If Chattanooga Mayor Andy Berke decides to run for the United States Senate in 2018 — and a negative tweet about a potential opponent's candidacy Thursday probably ramps up those chances — he doesn't have to look back too far to the last time when Tennessee had an open governor's race and an open Senate race.
That was 2002, when Democrat Phil Bredesen was elected governor and Republican former Gov. Lamar Alexander was elected to the Senate, where he still serves.
Unless someone already declared for re-election in 2018 changes plans — and U.S. Sen. Bob Corker, who said last week he would not run for a third term, had already filed his Statement of Candidacy with the Senate secretary — Tennessee will be the only state with an open Senate and gubernatorial seat.
That is likely to mean more national media coverage and more money poured into the state by the Democratic and Republican national committees and more advertising purchased by third-party organizations.
In other words, it could get ugly.
The candidates already declared also indicate a potential first for the state when it has open governor's and senator's seats, and that is for a woman on the Republican side to face a man on the Democratic side.
It's early yet — 13 months from the November 2018 election — but Tennessee Speaker of the House Beth Harwell, U.S. Rep.
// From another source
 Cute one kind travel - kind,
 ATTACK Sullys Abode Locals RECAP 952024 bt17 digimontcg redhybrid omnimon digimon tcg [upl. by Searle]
Diane Black and state Sen. Mae Beavers, all Republicans, are running for governor, and on Thursday U.S. Rep. Marsha Blackburn, also a Republican, said she would be a candidate for the seat Corker is vacating.
On the Democratic side, no formidable female candidates have announced their intention for either seat. Former Nashville Mayor Karl Dean is the presumed front-runner for the party's gubernatorial nomination, and James Mackler is the only announced candidate in the Senate race.
The only woman ever elected to be the Tennessee Democrat or Republican party's nominee for governor or senator is Democrat Jane Eskind, who ran against former Sen. Howard Baker in his final senatorial campaign in 1978. Baker won easily, but Eskind built up enough name recognition to win a Public Service Commission seat in 1980, the first woman to win a statewide office. She later made unsuccessful primary runs for governor in 1986 and Congress in 1987.
Before 2002, Tennessee last had open seats for governor and senator in 1994. Democratic Gov. Ned McWherter was term-limited, and Democratic U.S. Sen. Harlan Mathews had been appointed only as a caretaker for his seat after Democrat U.S. Sen. Al Gore was elected vice president in 1992. In the 1994 election, in a Republican sweep across the country, U.S. Rep. Don Sundquist was elected governor, and actor/lawyer Fred Thompson was elected to the Senate.
Before that, 1966 was the last year when the state had open Senate and governor's chairs. In that election, the state chose a Republican — Baker — for the Senate for the first time in 100 years. One other Republican had served — Newell Sanders from 1912 to 1913 — but he had been appointed to office.
That year, Democrat Buford Ellington was elected governor to the second of two non-consecutive four-year terms he would serve.
Since the last Democrat was elected the Volunteer State's governor — Bredesen in 2002 — and the last time one was elected a U.S. senator — Gore in 1990 — the state has tilted Republican.
That makes the Democratic Party's chances difficult in 2018, but open seats are always easier to win than attempting to roust incumbents. In the past 50 years, U.S. Senate incumbents across the country have won from 55 percent to 96 percent of the time. But in the past 36 years, never less than 75 percent have won, and usually even more.
So Berke would have an uphill climb — though smoother with Gov. Bill Haslam declining to run — but he seemed willing to jump into the fray Thursday when he tweeted, following Blackburn's candidacy declaration: "Instead of someone who proudly talks about being outside the mainstream TN really needs a US Senator who is focused on progress for the middle class — jobs, wages, healthcare and education."
We don't think the mayor would feel the need to respond to one Republican's candidacy were he not preparing to mount a campaign. What would be the upside? Why intentionally dis a candidate who potentially has the possibility of becoming one of the state's two U.S. senators while you are still mayor of Chattanooga?
Berke denied any interest in running for higher office during his re-election bid earlier this year. When one of his opponents produced documents that he believed indicated such a run, the mayor laughed it off.
"We appreciate the opportunity to have a little bit of humor in the middle of the campaign," he said. "This desperate attempt at a negative attack is what's wrong with politics."
Time will tell whether Berke enters the race, but we sense that he senses an opportunity.